EXERCISE INPUT below:

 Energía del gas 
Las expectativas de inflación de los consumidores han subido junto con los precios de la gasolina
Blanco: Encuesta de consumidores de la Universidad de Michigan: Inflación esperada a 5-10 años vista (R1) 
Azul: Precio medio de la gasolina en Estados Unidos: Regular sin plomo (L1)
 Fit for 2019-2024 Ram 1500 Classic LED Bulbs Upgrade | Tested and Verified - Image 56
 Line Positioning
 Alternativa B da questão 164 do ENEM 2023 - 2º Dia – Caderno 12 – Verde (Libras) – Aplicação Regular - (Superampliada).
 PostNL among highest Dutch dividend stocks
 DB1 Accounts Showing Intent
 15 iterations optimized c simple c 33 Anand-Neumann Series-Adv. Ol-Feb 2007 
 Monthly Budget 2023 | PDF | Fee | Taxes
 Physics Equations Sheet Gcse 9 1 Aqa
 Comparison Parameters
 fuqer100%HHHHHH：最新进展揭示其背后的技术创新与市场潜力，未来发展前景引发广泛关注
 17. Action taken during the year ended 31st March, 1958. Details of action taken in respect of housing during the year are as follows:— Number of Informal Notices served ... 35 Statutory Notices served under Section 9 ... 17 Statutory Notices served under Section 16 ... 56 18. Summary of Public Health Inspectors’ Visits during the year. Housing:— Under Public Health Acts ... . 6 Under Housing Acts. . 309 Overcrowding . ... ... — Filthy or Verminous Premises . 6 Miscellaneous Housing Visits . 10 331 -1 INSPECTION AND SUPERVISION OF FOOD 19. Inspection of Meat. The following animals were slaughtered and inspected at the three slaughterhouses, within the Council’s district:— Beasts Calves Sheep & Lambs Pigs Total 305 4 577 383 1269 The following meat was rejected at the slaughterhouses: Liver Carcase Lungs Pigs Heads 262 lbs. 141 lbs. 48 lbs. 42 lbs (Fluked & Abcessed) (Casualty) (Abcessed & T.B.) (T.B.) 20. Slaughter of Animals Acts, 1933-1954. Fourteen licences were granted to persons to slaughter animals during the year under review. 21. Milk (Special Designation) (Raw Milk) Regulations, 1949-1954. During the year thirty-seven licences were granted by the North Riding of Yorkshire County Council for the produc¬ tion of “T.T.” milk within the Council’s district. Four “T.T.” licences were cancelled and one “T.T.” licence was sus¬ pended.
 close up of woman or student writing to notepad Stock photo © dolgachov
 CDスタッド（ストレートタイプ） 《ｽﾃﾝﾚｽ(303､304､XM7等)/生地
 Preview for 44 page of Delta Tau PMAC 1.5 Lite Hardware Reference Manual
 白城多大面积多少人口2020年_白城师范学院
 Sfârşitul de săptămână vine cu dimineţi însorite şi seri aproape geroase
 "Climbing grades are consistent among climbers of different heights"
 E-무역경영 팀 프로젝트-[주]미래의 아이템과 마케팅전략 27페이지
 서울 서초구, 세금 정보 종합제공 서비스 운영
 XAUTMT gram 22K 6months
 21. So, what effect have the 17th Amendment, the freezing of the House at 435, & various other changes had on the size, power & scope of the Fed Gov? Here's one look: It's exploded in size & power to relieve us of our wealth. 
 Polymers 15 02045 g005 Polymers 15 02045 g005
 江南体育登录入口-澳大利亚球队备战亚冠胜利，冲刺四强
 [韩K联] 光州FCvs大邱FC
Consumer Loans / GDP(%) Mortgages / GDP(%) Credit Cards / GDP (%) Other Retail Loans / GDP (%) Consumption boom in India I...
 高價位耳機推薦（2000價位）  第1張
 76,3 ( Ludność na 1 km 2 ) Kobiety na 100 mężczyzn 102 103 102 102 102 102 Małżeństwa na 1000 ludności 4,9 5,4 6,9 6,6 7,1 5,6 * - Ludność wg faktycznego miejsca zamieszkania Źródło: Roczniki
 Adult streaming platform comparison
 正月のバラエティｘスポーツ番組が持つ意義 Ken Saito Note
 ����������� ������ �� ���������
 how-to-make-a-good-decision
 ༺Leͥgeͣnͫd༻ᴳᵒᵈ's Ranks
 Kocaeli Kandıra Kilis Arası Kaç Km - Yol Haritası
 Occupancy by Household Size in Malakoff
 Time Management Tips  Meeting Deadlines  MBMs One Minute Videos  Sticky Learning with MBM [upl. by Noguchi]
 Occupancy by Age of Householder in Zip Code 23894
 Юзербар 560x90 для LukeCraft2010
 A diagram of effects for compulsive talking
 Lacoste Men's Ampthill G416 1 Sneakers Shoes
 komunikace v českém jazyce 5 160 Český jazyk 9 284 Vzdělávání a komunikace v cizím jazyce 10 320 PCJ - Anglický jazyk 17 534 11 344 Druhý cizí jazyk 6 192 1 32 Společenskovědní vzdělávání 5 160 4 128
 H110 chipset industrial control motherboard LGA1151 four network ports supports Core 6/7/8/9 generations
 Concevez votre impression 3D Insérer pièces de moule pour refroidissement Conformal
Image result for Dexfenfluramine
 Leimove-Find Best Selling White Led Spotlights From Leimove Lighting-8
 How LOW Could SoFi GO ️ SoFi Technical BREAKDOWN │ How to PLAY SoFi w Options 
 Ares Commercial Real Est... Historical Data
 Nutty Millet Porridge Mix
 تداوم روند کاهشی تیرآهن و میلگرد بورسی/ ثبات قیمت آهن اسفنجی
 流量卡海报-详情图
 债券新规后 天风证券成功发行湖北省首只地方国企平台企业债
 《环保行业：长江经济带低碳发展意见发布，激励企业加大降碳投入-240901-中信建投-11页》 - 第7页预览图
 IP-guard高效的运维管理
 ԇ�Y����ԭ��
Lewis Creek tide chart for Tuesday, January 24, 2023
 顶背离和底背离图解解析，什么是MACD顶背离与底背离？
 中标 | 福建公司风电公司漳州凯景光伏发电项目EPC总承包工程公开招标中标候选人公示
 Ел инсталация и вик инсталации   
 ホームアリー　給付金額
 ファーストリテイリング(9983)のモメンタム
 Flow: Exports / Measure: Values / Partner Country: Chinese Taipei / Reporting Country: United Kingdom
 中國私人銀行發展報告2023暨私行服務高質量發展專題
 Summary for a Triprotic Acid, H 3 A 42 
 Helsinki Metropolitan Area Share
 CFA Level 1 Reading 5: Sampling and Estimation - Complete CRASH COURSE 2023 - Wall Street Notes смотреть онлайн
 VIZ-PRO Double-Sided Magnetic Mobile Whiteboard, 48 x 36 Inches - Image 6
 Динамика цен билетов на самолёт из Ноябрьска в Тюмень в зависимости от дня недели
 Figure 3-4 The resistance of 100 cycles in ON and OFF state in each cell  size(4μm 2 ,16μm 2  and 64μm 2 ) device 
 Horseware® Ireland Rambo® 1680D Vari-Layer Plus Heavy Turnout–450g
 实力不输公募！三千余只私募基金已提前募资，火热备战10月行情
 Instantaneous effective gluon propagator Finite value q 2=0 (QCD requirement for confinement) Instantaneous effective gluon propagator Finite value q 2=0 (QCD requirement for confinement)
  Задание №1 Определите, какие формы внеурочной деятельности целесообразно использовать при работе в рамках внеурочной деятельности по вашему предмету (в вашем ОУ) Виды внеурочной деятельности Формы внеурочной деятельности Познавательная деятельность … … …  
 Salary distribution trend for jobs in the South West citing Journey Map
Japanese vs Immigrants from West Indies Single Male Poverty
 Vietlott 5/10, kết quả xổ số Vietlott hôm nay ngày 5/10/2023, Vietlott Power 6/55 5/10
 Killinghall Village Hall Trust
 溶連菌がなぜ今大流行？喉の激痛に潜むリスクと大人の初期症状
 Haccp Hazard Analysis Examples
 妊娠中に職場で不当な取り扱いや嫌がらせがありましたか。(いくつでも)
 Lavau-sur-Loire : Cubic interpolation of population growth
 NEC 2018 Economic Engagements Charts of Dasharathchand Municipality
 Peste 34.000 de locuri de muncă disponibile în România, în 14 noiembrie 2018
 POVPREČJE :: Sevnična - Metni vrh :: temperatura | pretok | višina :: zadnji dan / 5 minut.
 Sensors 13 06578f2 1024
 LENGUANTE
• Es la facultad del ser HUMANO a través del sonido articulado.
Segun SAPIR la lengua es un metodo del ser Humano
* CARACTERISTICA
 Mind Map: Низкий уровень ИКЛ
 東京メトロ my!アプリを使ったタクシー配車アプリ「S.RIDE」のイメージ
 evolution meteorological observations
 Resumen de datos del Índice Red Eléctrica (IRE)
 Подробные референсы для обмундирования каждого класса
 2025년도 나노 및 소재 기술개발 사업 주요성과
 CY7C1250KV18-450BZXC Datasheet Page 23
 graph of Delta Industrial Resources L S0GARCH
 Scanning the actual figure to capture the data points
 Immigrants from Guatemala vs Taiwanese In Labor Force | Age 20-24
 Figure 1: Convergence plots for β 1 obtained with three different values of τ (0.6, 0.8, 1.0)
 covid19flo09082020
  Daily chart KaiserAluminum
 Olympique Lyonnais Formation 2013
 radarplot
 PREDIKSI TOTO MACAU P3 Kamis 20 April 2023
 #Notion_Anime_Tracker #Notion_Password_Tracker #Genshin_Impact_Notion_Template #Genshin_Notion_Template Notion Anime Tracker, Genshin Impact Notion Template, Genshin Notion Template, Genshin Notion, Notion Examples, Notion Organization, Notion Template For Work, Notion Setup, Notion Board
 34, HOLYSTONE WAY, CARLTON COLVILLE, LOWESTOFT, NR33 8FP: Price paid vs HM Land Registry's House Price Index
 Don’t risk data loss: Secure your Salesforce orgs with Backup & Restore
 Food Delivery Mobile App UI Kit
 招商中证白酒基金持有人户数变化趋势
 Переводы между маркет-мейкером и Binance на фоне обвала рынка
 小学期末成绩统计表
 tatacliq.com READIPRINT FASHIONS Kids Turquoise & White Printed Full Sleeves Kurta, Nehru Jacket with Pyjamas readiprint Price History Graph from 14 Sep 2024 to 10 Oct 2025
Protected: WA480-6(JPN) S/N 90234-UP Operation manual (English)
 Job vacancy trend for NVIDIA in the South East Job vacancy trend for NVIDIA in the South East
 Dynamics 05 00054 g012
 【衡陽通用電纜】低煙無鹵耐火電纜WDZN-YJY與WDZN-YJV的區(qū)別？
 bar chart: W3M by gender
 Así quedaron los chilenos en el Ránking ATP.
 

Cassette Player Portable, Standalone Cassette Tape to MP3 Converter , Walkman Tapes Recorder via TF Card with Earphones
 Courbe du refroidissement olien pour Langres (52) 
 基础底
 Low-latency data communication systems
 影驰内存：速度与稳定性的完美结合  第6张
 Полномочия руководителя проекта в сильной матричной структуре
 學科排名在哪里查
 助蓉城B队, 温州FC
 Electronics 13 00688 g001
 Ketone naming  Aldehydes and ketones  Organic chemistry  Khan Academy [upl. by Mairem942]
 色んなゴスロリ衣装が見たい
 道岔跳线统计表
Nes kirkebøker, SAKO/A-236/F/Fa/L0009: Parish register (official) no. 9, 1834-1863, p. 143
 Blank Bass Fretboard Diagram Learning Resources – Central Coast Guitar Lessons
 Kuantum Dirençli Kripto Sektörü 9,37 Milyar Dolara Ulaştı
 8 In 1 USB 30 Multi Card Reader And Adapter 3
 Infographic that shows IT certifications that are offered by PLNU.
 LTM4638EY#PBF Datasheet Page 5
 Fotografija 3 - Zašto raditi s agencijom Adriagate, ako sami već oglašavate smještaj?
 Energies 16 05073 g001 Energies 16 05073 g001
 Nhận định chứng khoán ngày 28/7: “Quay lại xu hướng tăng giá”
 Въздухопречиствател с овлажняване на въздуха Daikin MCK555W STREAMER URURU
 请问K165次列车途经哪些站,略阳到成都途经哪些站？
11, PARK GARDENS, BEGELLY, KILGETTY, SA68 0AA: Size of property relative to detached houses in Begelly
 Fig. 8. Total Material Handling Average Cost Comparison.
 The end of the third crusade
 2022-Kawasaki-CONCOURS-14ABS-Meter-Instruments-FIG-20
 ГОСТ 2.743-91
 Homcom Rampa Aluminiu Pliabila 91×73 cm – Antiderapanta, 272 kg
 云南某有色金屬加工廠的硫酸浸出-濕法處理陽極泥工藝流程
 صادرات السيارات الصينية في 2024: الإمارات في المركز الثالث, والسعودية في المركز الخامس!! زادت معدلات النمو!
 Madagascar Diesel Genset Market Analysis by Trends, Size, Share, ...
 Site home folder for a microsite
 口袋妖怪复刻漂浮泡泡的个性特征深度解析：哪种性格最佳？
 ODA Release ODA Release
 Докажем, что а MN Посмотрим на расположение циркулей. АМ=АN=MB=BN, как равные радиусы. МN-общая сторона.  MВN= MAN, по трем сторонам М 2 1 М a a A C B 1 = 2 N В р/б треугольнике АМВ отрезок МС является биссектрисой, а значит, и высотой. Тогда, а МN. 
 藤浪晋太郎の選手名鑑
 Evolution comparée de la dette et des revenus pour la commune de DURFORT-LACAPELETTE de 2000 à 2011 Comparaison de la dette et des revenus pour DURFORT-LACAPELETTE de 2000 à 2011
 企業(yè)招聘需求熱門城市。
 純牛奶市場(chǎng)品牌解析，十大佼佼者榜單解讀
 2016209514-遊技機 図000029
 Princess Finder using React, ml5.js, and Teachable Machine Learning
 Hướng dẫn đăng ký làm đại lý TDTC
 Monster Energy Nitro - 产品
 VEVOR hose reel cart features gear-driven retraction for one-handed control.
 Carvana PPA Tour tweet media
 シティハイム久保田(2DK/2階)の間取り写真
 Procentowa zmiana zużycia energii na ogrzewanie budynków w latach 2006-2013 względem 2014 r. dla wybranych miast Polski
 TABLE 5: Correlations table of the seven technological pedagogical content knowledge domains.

End of EXERCISE INPUT.

Quote the data above from the line containing "Summary for a Triprotic Acid, H 3 A 42" to the line containing "for confinement) Instantaneous", inclusive, and stop.

 Summary for a Triprotic Acid, H 3 A 42 
 Helsinki Metropolitan Area Share
 CFA Level 1 Reading 5: Sampling and Estimation - Complete CRASH COURSE 2023 - Wall Street Notes смотреть онлайн
 VIZ-PRO Double-Sided Magnetic Mobile Whiteboard, 48 x 36 Inches - Image 6
 Динамика цен билетов на самолёт из Ноябрьска в Тюмень в зависимости от дня недели
 Figure 3-4 The resistance of 100 cycles in ON and OFF state in each cell  size(4μm 2 ,16μm 2  and 64μm 2 ) device 
 Horseware® Ireland Rambo® 1680D Vari-Layer Plus Heavy Turnout–450g
 实力不输公募！三千余只私募基金已提前募资，火热备战10月行情
 Instantaneous effective gluon propagator Finite value q 2=0 (QCD requirement for confinement) Instantaneous effective gluon propagator Finite value q 2=0 (QCD requirement for confinement)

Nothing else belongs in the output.